Given data:
◇ ◇ ◇ ◇ ◇ ◇ ◇

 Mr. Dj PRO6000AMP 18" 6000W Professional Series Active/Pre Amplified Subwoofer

◇ ◇ ◇ ◇ ◇ ◇ ◇

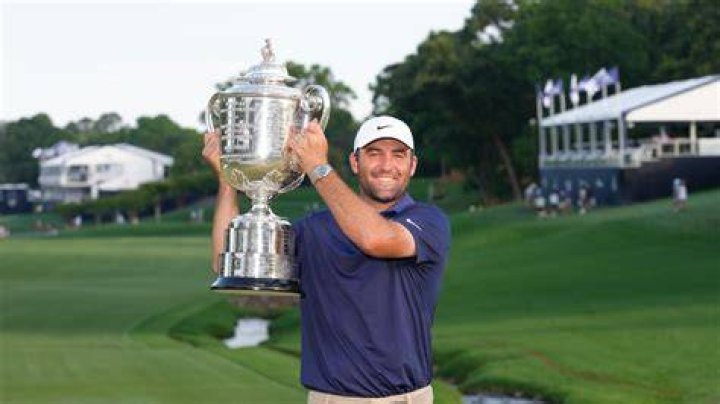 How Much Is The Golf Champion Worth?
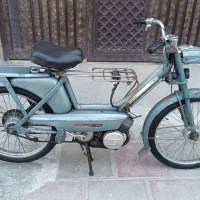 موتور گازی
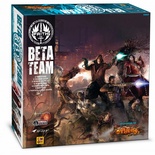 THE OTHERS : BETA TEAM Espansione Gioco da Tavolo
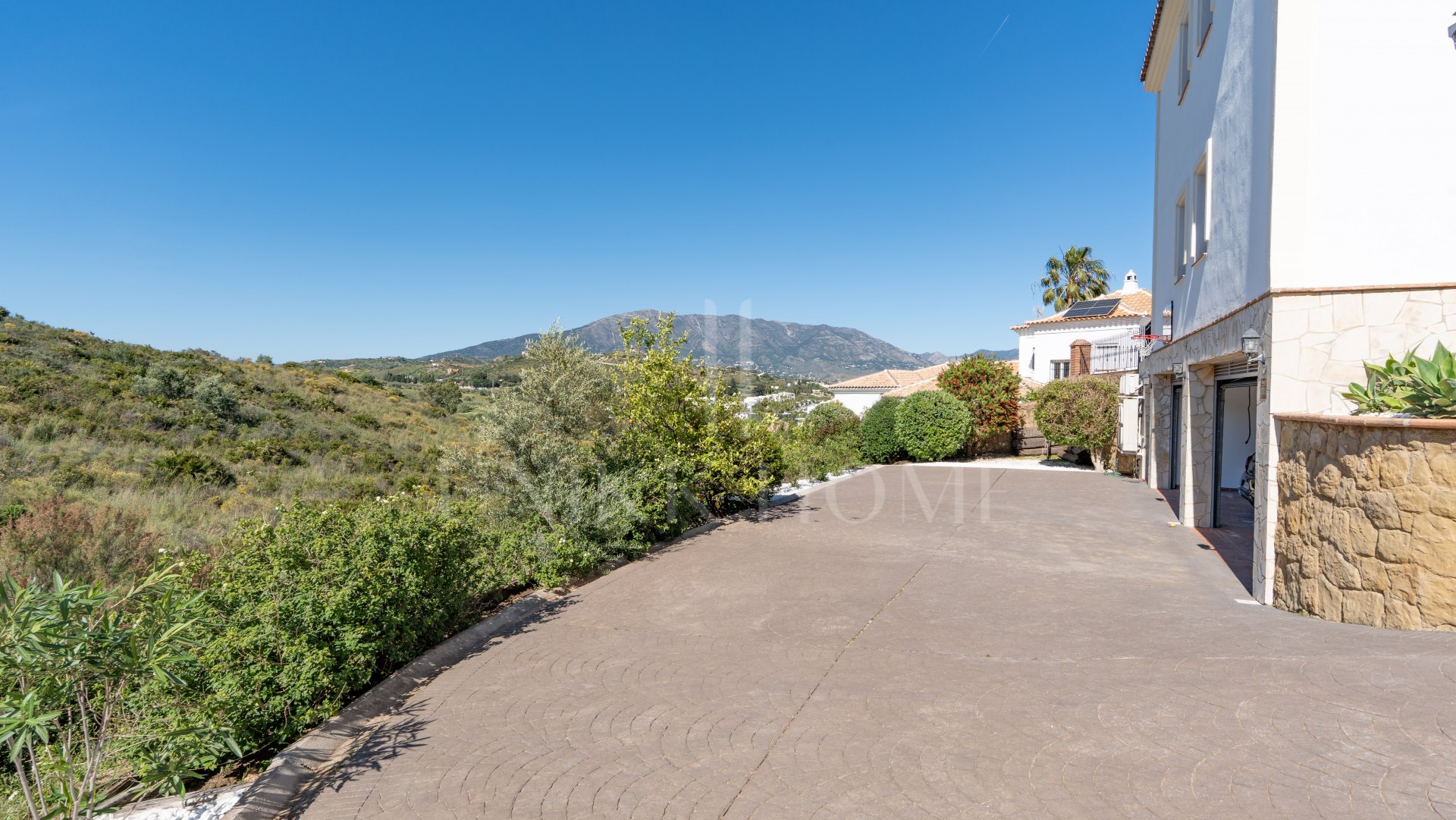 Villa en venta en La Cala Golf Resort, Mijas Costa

◇ ◇ ◇ ◇ ◇ ◇ ◇

Give again, exactly as written above, each line from the one that has "THE OTHERS : BETA" to the one that has "Villa en venta", both included; omit the pictures.

 THE OTHERS : BETA TEAM Espansione Gioco da Tavolo
 Villa en venta en La Cala Golf Resort, Mijas Costa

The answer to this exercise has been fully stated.